* Information:
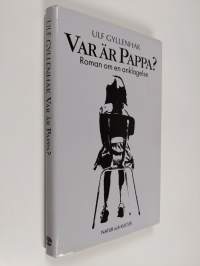 Var är pappa? : roman om en anklagelse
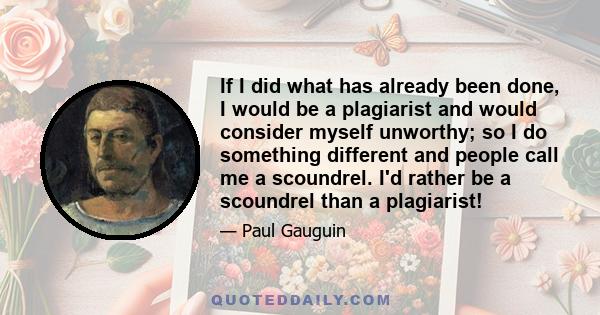 If I did what has already been done, I would be a plagiarist and would consider myself unworthy; so I do something different and people call me a scoundrel. I'd rather be a scoundrel than a plagiarist!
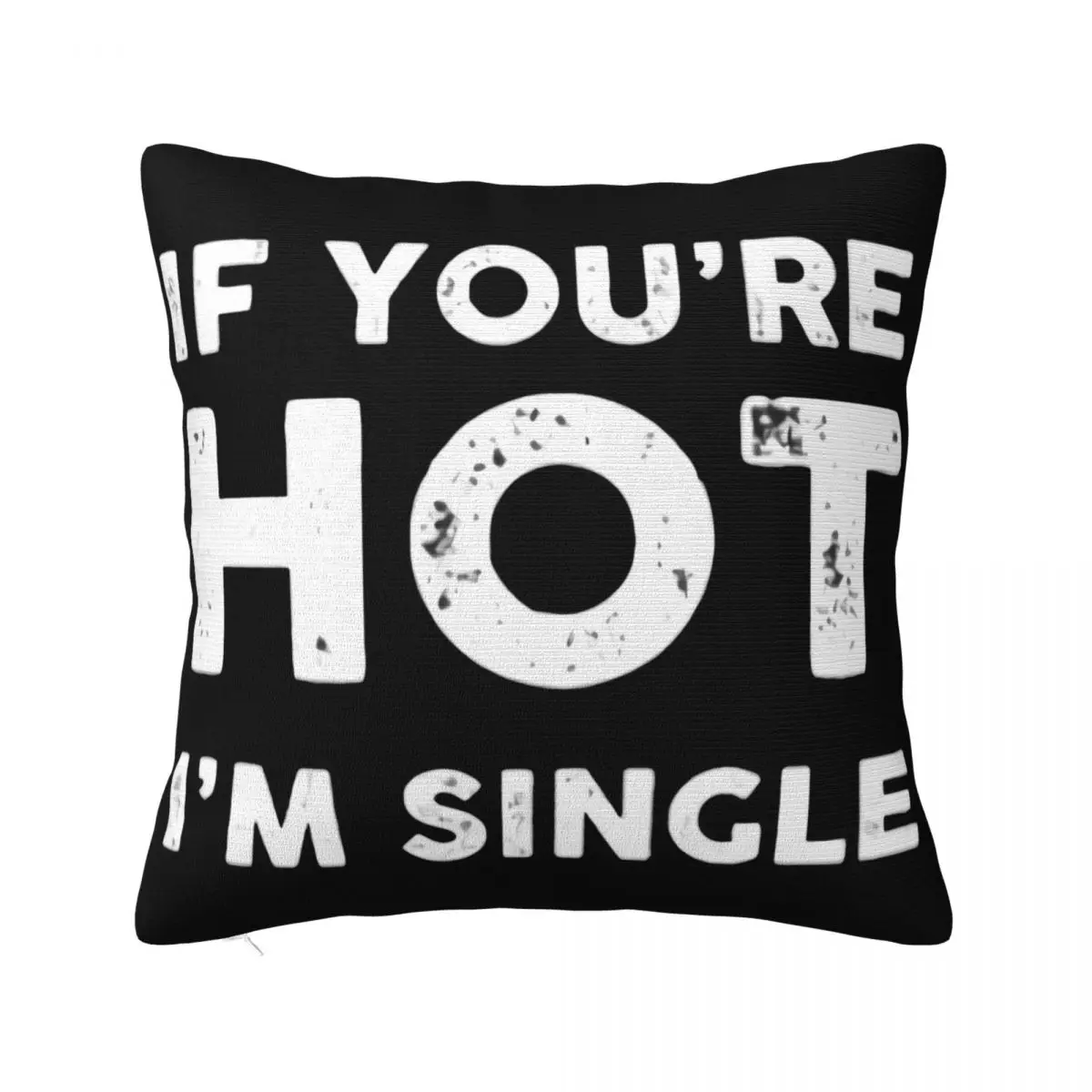 If Youre Hot Im Single Graphic Mens Black Straight Kawaii Mens Beautiful Cute Better Holiday Pillow Case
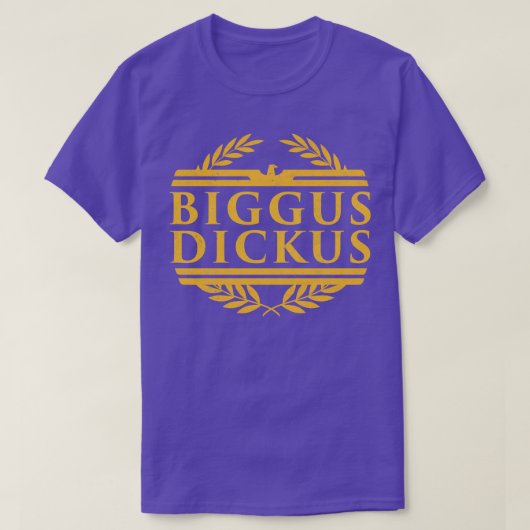 Biggus Dickus T-shirt (Design voorkant)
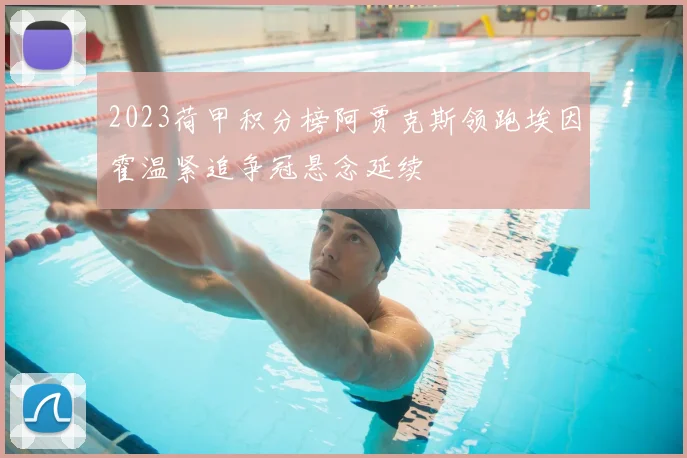 2023荷甲积分榜阿贾克斯领跑埃因霍温紧追争冠悬念延续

* Activity: Please retype the records above exactly, leaving every image out.

* Output of the task:
 Var är pappa? : roman om en anklagelse
 If I did what has already been done, I would be a plagiarist and would consider myself unworthy; so I do something different and people call me a scoundrel. I'd rather be a scoundrel than a plagiarist!
 If Youre Hot Im Single Graphic Mens Black Straight Kawaii Mens Beautiful Cute Better Holiday Pillow Case
 Biggus Dickus T-shirt (Design voorkant)
 2023荷甲积分榜阿贾克斯领跑埃因霍温紧追争冠悬念延续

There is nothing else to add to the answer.